The latest in a series of articles on the topic, Mike Loukides of O'Reilly Radar asks, "What is data science?":
We've all heard it: according to Hal Varian, statistics is the next sexy job. Five years ago, in What is Web 2.0, Tim O'Reilly said that "data is the next Intel Inside." But what does that statement mean? Why do we suddenly care about statistics and about data?
The article is excellent, insightful, and long. It's not just an overview, it's an in depth discussion of the who's, how's, what's and why's of data science - and required reading for anyone curious about what we data scientists actually do.
A few phrases that really stood out to me:
CDDB views music as data, not as audio, and creates new value in doing so.
One of the keys to data science is the realization that data is data is data; it doesn't really matter what that data represents. A computer (read: algorithm, test, procedure) is content-agnostic. It just does what it's told. It is up to the scientist -- the human -- to impose meaning and context on the results of the data manipulation. You might run two distinct analyses on the same dataset; or use the same analysis for two very different datasets. The procedure doesn't care and -- critically -- has no way of inferring its own success without a meta-algorithm layered on top of it. It's easiest to let the data scientist be that top layer.
The question facing every company today, every startup, every non-profit, every project site that wants to attract a community, is how to use data effectively -- not just their own data, but all the data that's available and relevant. Using data effectively requires something different from traditional statistics, where actuaries in business suits perform arcane but fairly well-defined kinds of analysis. What differentiates data science from statistics is that data science is a holistic approach. We're increasingly finding data in the wild, and data scientists are involved with gathering data, massaging it into a tractable form, making it tell its story, and presenting that story to others.
This goes hand-in-hand with my last point: there's no definition of the "right" analysis. Data science is a two-stage process: first, an exploration and second, an implementation (or communication). Repeat.
Once you've parsed the data, you can start thinking about the quality of your data. Data is frequently missing or incongruous. If data is missing, do you simply ignore the missing points? That isn't always possible. If data is incongruous, do you decide that something is wrong with badly behaved data (after all, equipment fails), or that the incongruous data is telling its own story, which may be more interesting?
There's a nice section, including the above paragraph, on the life-cycle of data itself. The one thing I would add is that data frequently needs to be transformed before it becomes usable. Too many applications today just take data in its raw form and try to correlate it (I'm looking at you, every-application-that-counts-words-in-tweets!). Standardization, whitening, dimension reduction and transformation are important and crucial steps in getting informed results. If I gave you audio data, you wouldn't just use it as it appears, you'd probably run it through an FFT first. I suppose you could argue that this step of the analysis is actually part of the analysis itself, and not part of the data preparation.

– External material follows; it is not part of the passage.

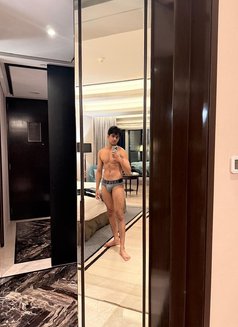 Rohan - Male escort in Mumbai Photo 1 of 2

The problem with most data analysis algorithms is that they generate a set of numbers. To understand what the numbers mean, the stories they are really telling, you need to generate a graph.
Sometimes, sometimes not. The data-visualization/infographic movement in one of the best things that has happened to data science in a long time. Unfortunately, it has also trained us that "pictures are good; simple pictures are better." There's nothing more communicative than a good chart, true, but some datasets belie graphic communication. Multi-dimensional datasets are certainly hard to draw without some process like MDS or projection pursuit. I would argue that for many data applications, visualizations are part of the exploratory process but would/should not be considered a final product. For complex data, visualizations show you the question and how the data relates to it; they may not actually show you the answer.

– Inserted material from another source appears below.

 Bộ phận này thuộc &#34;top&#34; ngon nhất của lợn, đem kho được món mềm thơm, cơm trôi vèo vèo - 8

According to DJ Patil, chief scientist at LinkedIn, the best data scientists tend to be "hard scientists," particularly physicists, rather than computer science majors. Physicists have a strong mathematical background, computing skills, and come from a discipline in which survival depends on getting the most from the data. They have to think about the big picture, the big problem. When you've just spent a lot of grant money generating data, you can't just throw the data out if it isn't as clean as you'd like. You have to make it tell its story. You need some creativity for when the story the data is telling isn't what you think it's telling.
This is a really interesting point -- being able to code does not a data scientist make (though it certainly doesn't preclude the possibility). Data science is about creative thinking as much as it is about creative implementation.

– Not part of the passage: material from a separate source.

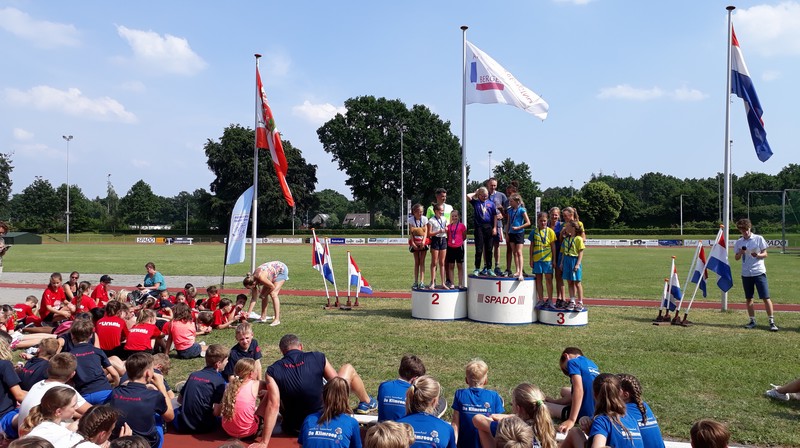 n_Prijsuitreiking Braktrofee meisjesteams.jpg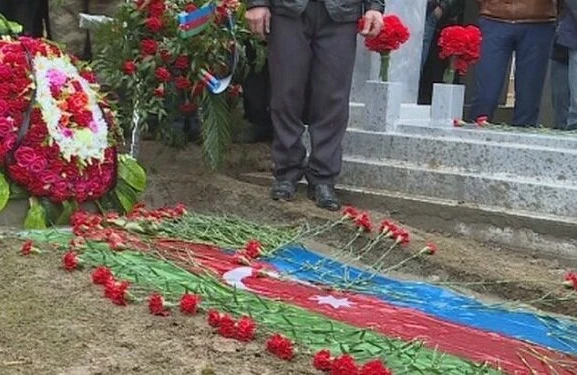 Sevdiyi qızın şəhidin məzarı üstündə yazdığı sözlər hər kəsi GÖZ YAŞINA BOĞDU - FOTO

Data scientists combine entrepreneurship with patience, the willingness to build data products incrementally, the ability to explore, and the ability to iterate over a solution. They are inherently interdiscplinary. They can tackle all aspects of a problem, from initial data collection and data conditioning to drawing conclusions. They can think outside the box to come up with new ways to view the problem, or to work with very broadly defined problems: "here's a lot of data, what can you make from it?"
I've actually used exactly the same question to describe the field. It is the central, driving objective behind data science and its simplicity speaks to the incredible diversity of projects and pursuits that the field allows.